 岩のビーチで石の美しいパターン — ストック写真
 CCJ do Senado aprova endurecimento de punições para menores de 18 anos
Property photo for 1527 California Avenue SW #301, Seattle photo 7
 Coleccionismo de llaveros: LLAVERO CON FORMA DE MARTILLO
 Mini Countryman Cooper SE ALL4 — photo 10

---

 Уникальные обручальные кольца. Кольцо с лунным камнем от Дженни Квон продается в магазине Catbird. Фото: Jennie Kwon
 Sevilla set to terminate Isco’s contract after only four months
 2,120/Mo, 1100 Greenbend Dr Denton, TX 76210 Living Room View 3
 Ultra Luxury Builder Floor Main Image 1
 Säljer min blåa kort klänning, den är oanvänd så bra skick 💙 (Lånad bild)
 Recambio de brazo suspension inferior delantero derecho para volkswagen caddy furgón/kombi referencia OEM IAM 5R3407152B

--

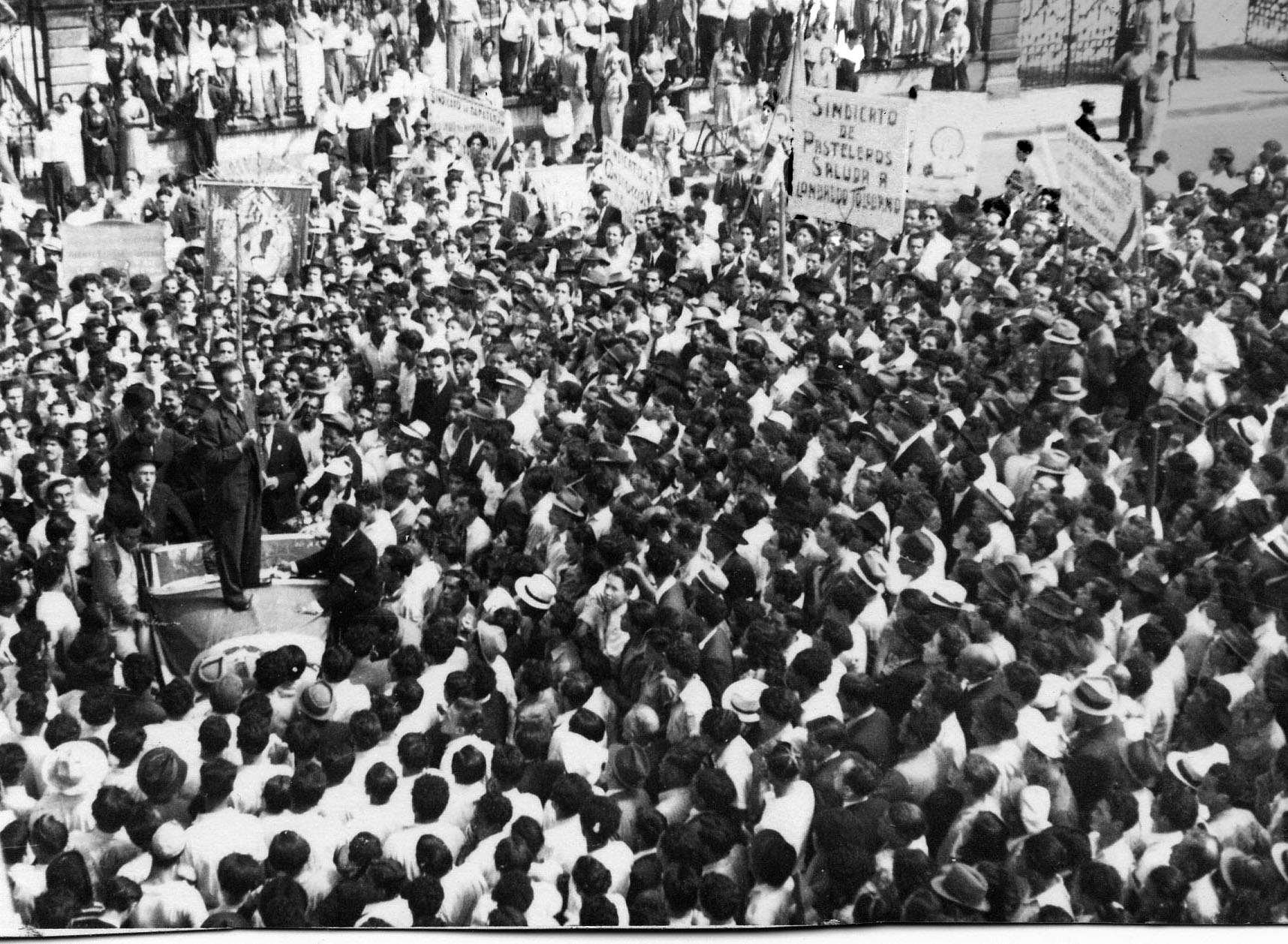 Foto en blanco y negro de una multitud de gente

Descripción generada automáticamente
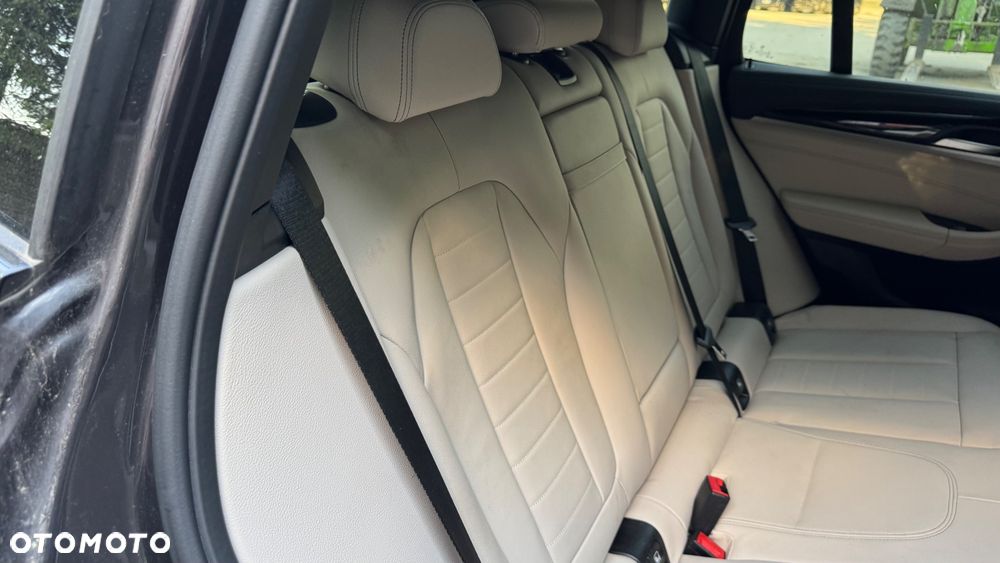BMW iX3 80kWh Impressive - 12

__What you are asked to do__
Given the records above, return exactly the lines starting at the line containing "Sevilla set to" and ending at the line containing "Säljer min blåa", including both.

__Solved exercise__
 Sevilla set to terminate Isco’s contract after only four months
 2,120/Mo, 1100 Greenbend Dr Denton, TX 76210 Living Room View 3
 Ultra Luxury Builder Floor Main Image 1
 Säljer min blåa kort klänning, den är oanvänd så bra skick 💙 (Lånad bild)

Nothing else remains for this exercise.